They seem deep in thought.

Fr. White is also seen watching the promo that Rev. Branagan cut about him.


----------



## Optikk is All Elite (Sep 5, 2007)

Hitch is seen arriving at the airport for the big PPV tonight.


----------



## Edgehead9812 (Mar 9, 2008)

Criv runs up to Hitch and shows him the 2 Losers they will face tonight


----------



## CM_Jobber (Mar 1, 2008)

The Law is perplexed..............


----------



## Postage (Jun 20, 2007)

As Gyro is in the area minding his own business smoking some pot and injecting squid urine into his blood stream he i approached by a girl scout who is looking to sell Gyro some Cookies to fund for her troops trip to the Playboy Mansion.

Gyro is infuriated and punches the little 9 year old out cold.

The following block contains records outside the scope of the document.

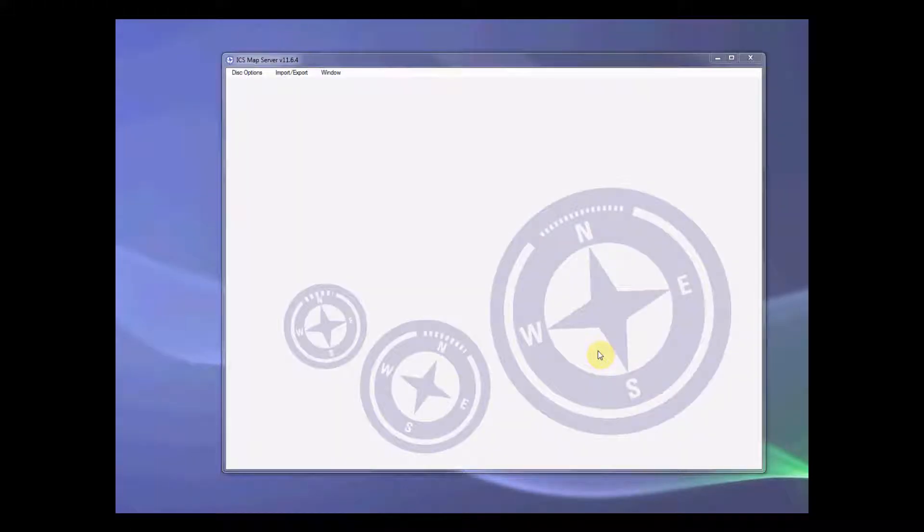Hello everyone, welcome to ATDI. This is Anish and in this video I would like to demonstrate to you how to create a clutter file or .sol file from save files using ICS map server.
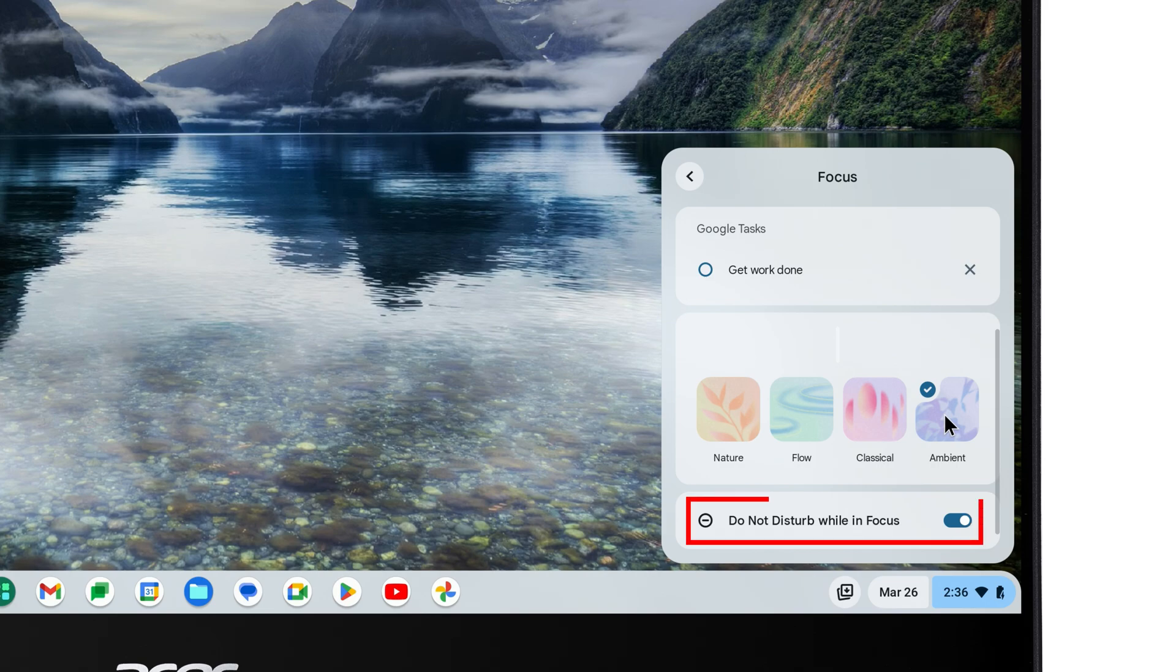And you can also choose whether or not to have Do Not Disturb enabled while you're in Focus Mode, so that you don't get bothered with notifications.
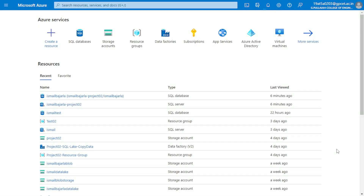Hello everyone. Today I'm going to show you how to connect Microsoft Azure SQL database to Visual Studio.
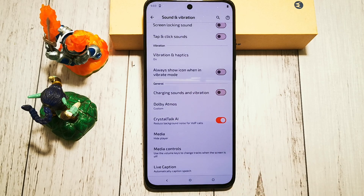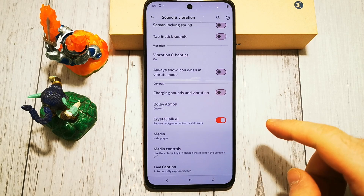So what does this option do exactly? We have a short explanation here: reduce background noise for VoIP calls.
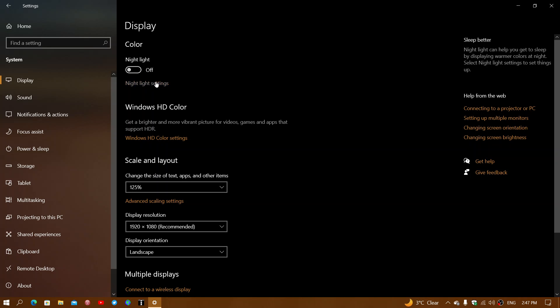So they created nightlight in Windows 10. The first switch is just on or off, and then there are some settings attached to this.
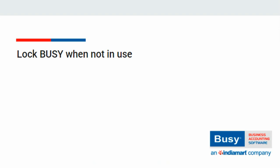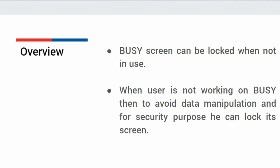Lock busy when not in use. Do you know that busy screen can be locked when not in use?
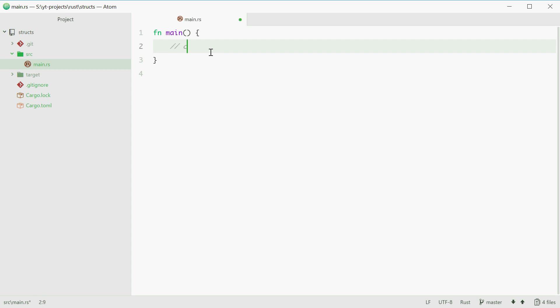For example, we all know a color is made up of red, green, and blue. So all colors have red, green, and blue values and we can use a struct to make a color which consists of red, green, and blue.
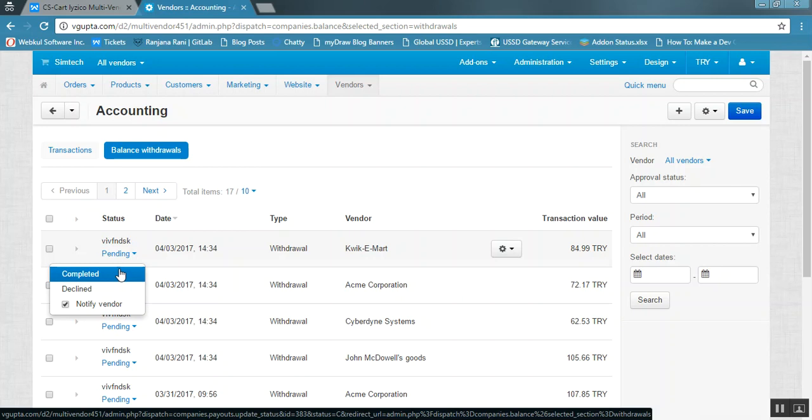This is all about CS-Cart iZico multi-vendor payment gateway integration. Thank you so much for watching.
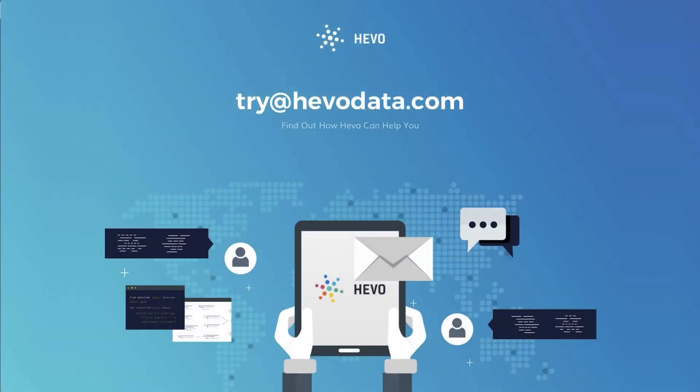If you have any queries, feel free to shoot us an email at try@hevodata.com or sign up for a free trial with us on www.hevodata.com. Thank you.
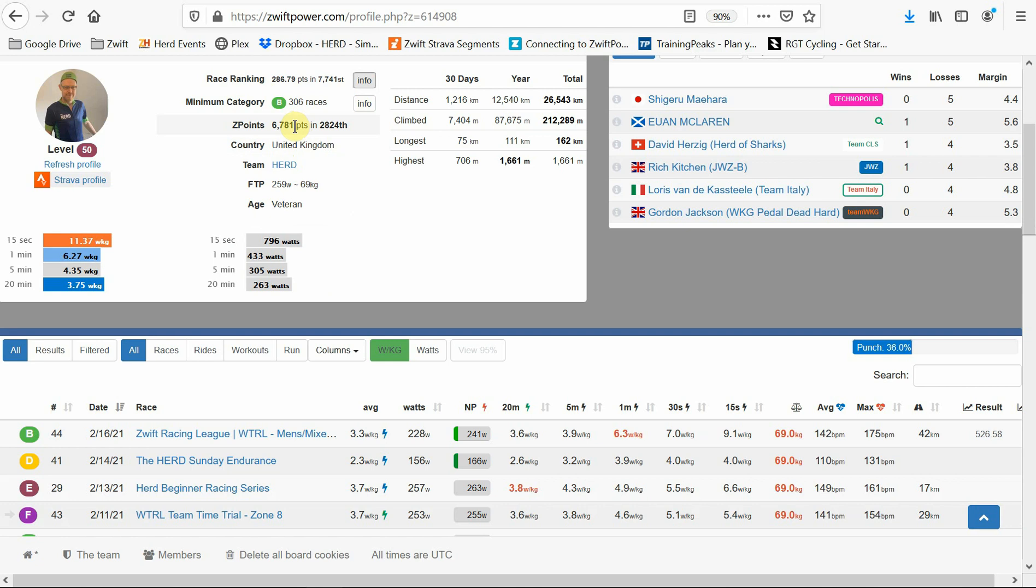Below this, you can see your Z points total. You score Z points for your climb times and various power metrics. You can use the Z points button at the top to see more details and we'll cover this in another video at a later date. You can also see your country, the team you represent, your FTP and weight, and your age group.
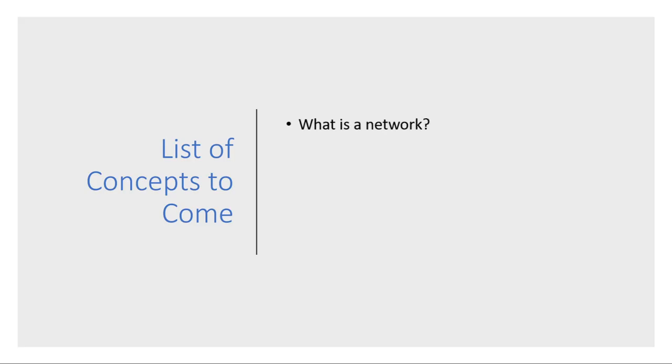The first video coming up after this one is going to be 'What is a network?' I'd like to give a high-level, 30,000-foot overview of what a network actually is.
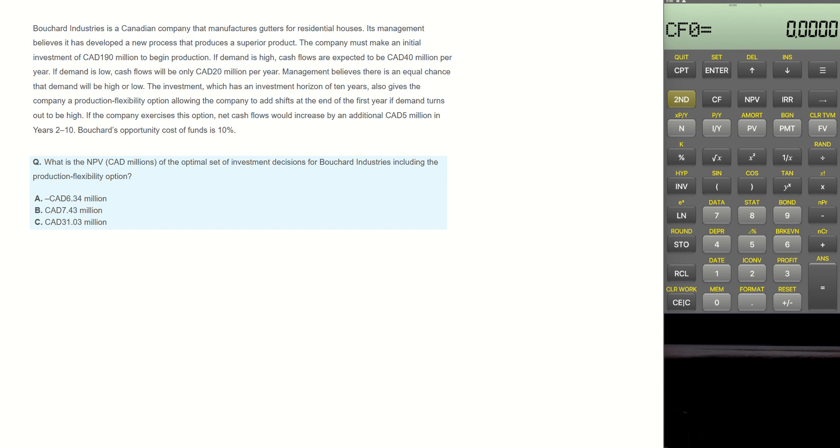If demand is high, cash flows are expected to be $40 million per year. If demand is low, cash flows will be only $20 million per year. Management believes there is equal chance that demand will be high or low. The investment, which has an investment horizon of 10 years, also gives the company a production flexibility option allowing the company to add a shift at the end of the first year if demand turns out to be high. If the company exercises this option, net cash flows would increase by an additional $5 million in years 2 to 10.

He takes her money and wheel barrel of cookies and runs out of the arena back to his Hotel while he ate them and cried.


----------



## Doddsy (Nov 1, 2006)

Tom Dodds is preparing for his matches in just 2 hours


----------



## "The Champ" (Jul 27, 2006)

TCC has arrived at the arena. TCC has 3 matches tonight and could become Mr Money in the bank and Welterweight Champion. He looks focused.


----------



## H8X™ (Mar 10, 2007)

Twizted is seen in the back together and they are all focused on tonight matches. They seem intense


----------



## Postage (Jun 20, 2007)

Gyro wonders where his tag team partner is. He doesn't mind his absents for the past few days because he can take on a 2 on 1 match and win as long as he as his handy dandy lines of pure nose candy.


----------



## Edgehead9812 (Mar 9, 2008)

Hitch And Criv are seen setting up a party scene for tonight when they win Tag Team Contendership

Criv gets on the phone

Criv: two of your top strippers please.


----------



## The Enforcer (Feb 18, 2008)

Postage said:


> As Gyro is in the area minding his own business smoking some pot and injecting squid urine into his blood stream he i approached by a girl scout who is looking to sell Gyro some Cookies to fund for her troops trip to the Playboy Mansion.
> 
> Gyro is infuriated and punches the little 9 year old out cold. He takes her money and wheel barrel of cookies and runs out of the arena back to his Hotel while he ate them and cried.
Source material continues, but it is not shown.